Source: http://www.bbc.co.uk/news/uk-england-38342859
 
Every so often, the emergency services release a 999 call from a particularly silly call... and I can never quite believe that people are that dim.

Here's one that Greater Manchester Police posted a while back:


:wall::wall::wall:
 
Perhaps we should have a "666" number people can call for trivial problems, rather than "999" :lol:. Ideally, one that connects you to a faraway call centre with a terrible script to read.
 
Here's one that Greater Manchester Police posted a while back:
Some of them are really jaw-dropping, aren't they?
Perhaps we should have a "666" number people can call for trivial problems,
Good thought! But not forgetting the 101 number, which is supposed to be for non-emergency matters. But then... I guess these people must really think their "hissing cat" incident, or the "dog grooming" mishap constitutes an emergency. :lol:

Makes me wonder what they would do in a true life-or-death situation... probably call "The Sun" or their local TV station I guess. :rolleyes:
 
Reminds me of the list of excuses given to insurance companies regarding car crashes.

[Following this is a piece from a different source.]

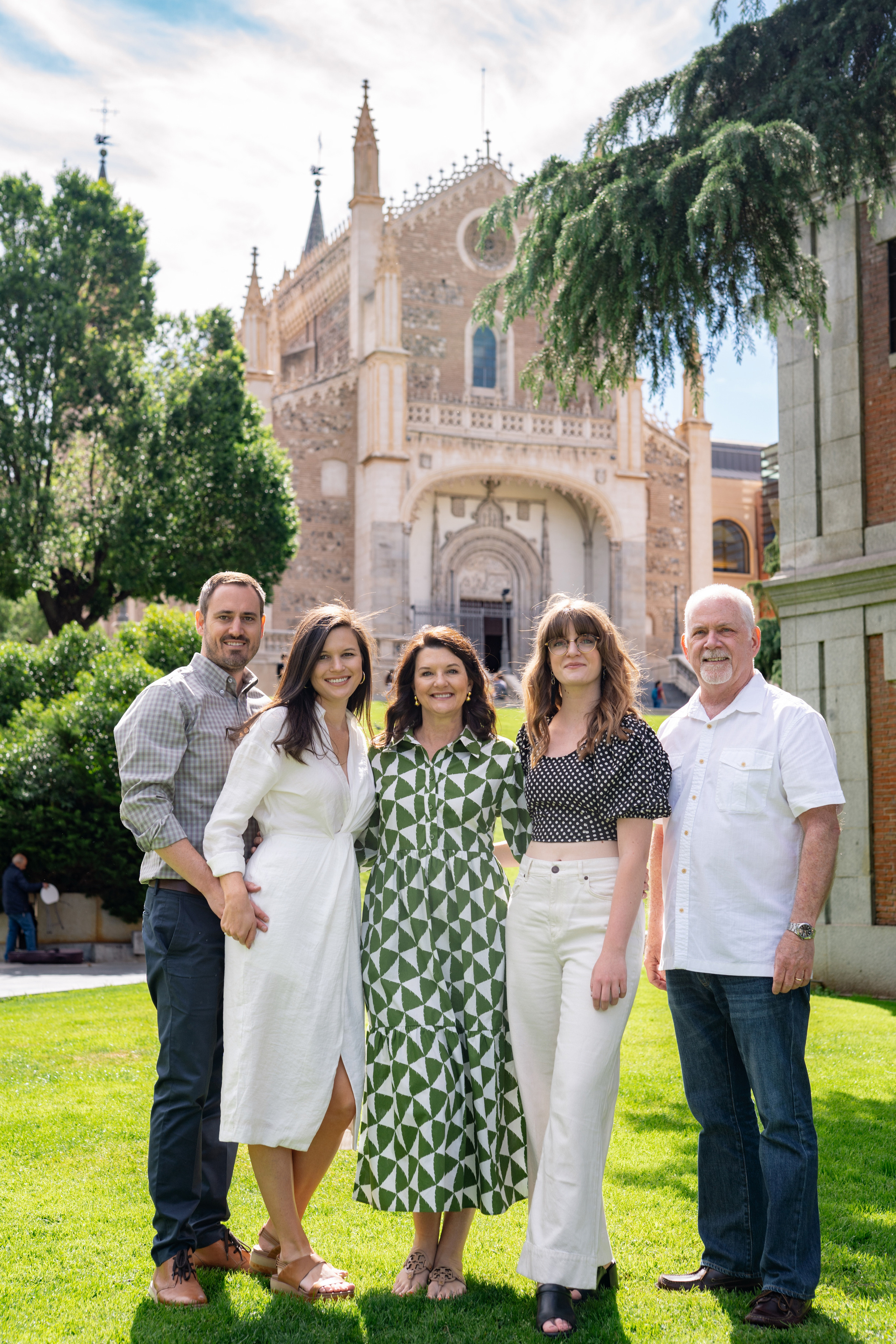 Fotógrafo de sesiones familiares para turistas en Madrid. Fotógrafo en Madrid, España. Alyona Belyaninova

The top 10 best excuses for a car crash made funny by mangled English:

1. "A pedestrian hit me and went under my car."
2. "The other car collided with mine without giving warning of its intention."
3. "Coming home, I drove into the wrong house and collided with a tree I don't have."
4. "The pedestrian had no idea which direction to go, so I ran over him."
5. "I had been driving for 40 years when I fell asleep at the wheel and had an accident."
6. "I was backing my car out of the driveway in the usual manner when it was struck by the other car in the same place where it had been struck several times before."
7. "The indirect cause of this accident was a little guy in a small car with a big mouth."
8. "The accident happened when the right door of a car came around the corner without giving a signal."
9. "I was on the way to the doctor with rear end trouble when my universal joint gave way causing me to have an accident."
10. "The guy was all over the road. I had to swerve a number of times before I hit him."